Exercise input:
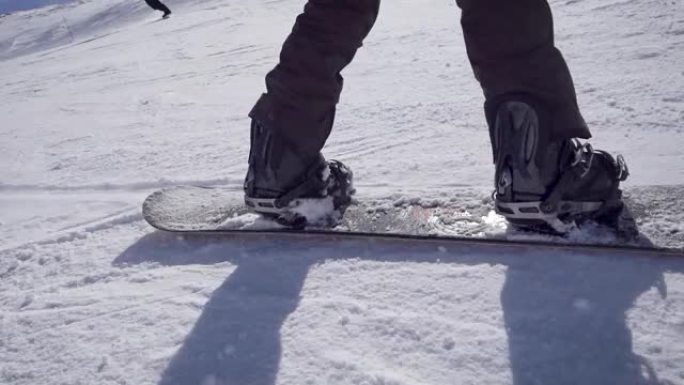 极限冬季娱乐。一个聪明的滑雪者在雪中滚动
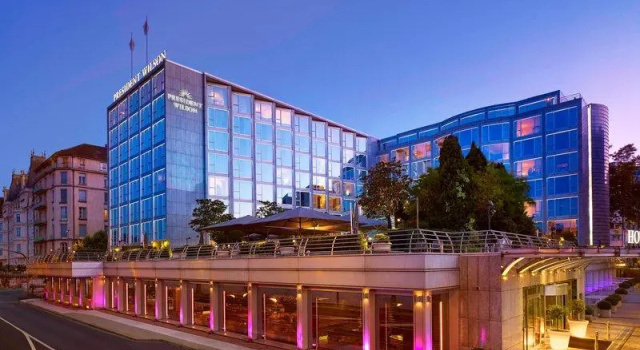Кровать в общем номере Hotel President Wilson, a Luxury Collection Hotel, Geneva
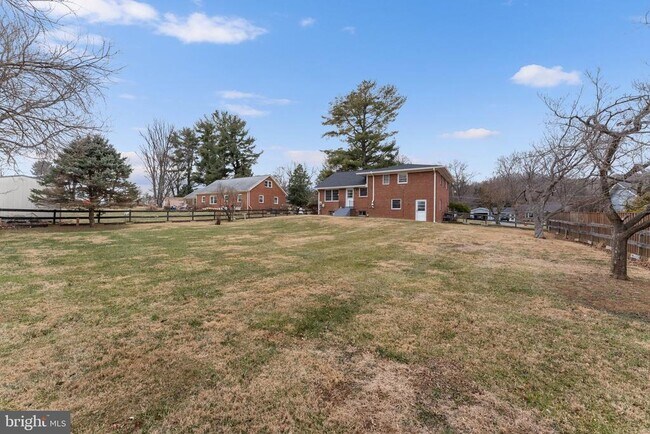 Building Photo - 12 Earlybird Ave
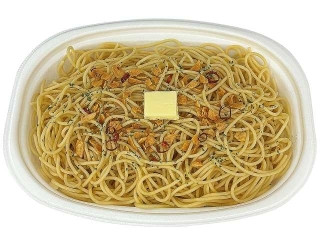 セブン-イレブン ガーリックバター醤油パスタ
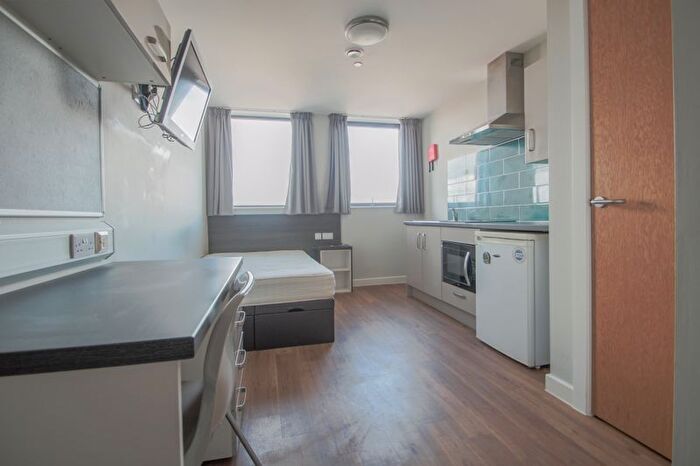 1 Bedroom Flat For Sale In Studio Investment, Sovereign House, Queen Street, Sheffield, S1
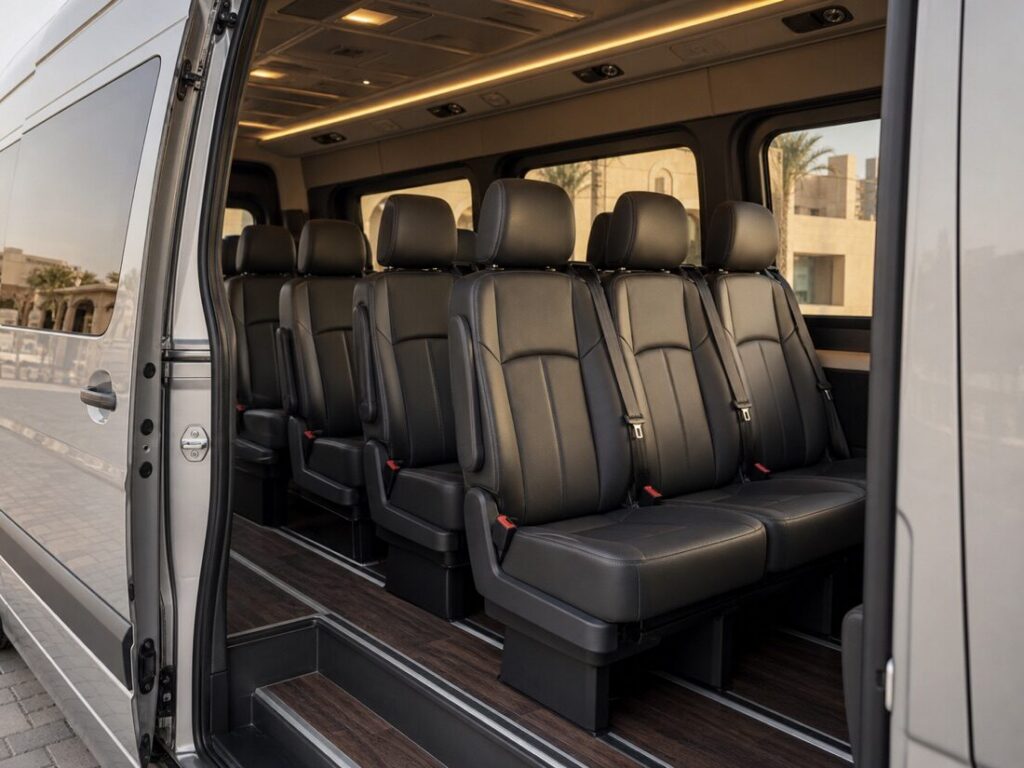 Interior right — Mercedes-Benz Sprinter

Your assignment:
Only the text of the records is to be reproduced exactly; skip the pictures.

Task output:
 极限冬季娱乐。一个聪明的滑雪者在雪中滚动
Кровать в общем номере Hotel President Wilson, a Luxury Collection Hotel, Geneva
 Building Photo - 12 Earlybird Ave
 セブン-イレブン ガーリックバター醤油パスタ
 1 Bedroom Flat For Sale In Studio Investment, Sovereign House, Queen Street, Sheffield, S1
 Interior right — Mercedes-Benz Sprinter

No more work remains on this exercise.